Vielleicht ist sie beides, auf jeden Fall aber ist sie ärmer, und das in zweifacher Hinsicht: ärmer an Kunstfertigkeit und ärmer an kultureller Erinnerung. Es wäre eigentlich an der Zeit, dass nach den vier oder fünf Renaissancen, die es im Abendland gegeben hat, eine neue käme, die die ungebremst davon galoppierende Avantgarde wieder an die Tradition bindet. Das umstrittene Buch „Der Kulturinfarkt“, das vorschlug, die Hälfte aller Kultureinrichtungen abzuschaffen und stattdessen die verbleibende Hälfte besser zu fördern, legte den Finger auf die Wunde, wollte sie aber mit der alten Salbe kurieren.

Was nützt die Förderung von Eliteuniversitäten, Eliteorchestern und Elitemuseen, wenn diese Spitzen sich im Rennen immer weiter vom Tross entfernen?

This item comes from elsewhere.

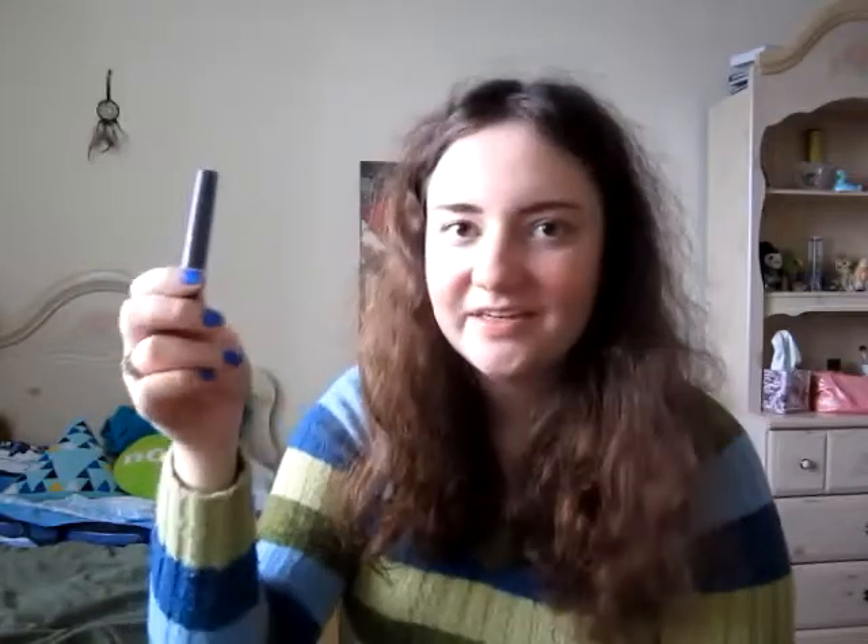Mascara — Tarte Lights Camera Lashes. This is only a sample size that I got, but I really like this. The formula is great; it gives nice length and volume. It's a high-end product, but you all know I would not recommend a high-end product unless I absolutely loved it.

So wie die allgemeinen Bildungsprobleme nicht bei den Eliteuniversitäten, sondern im Kindergarten angepackt werden müssten, so muss die kulturelle Bildung dort ansetzen, wo der abgehängte Bürger das Rennen aufgegeben hat. Das A und O der Kulturpflege muss deshalb die Vermittlung sein: zum einen zwischen Gegenwart und Vergangenheit, zum anderen zwischen der kreativen Spitzengruppe und dem Rest der Gesellschaft. Und die Literaturwissenschaftler sollten sich bewusst machen, dass es die Literatur auch ohne sie gäbe, aber nicht ohne ein literarisch interessiertes Publikum.

Der Autor ist emeritierter Professor für englische Literatur und Landeskunde an der Freien Universität Berlin.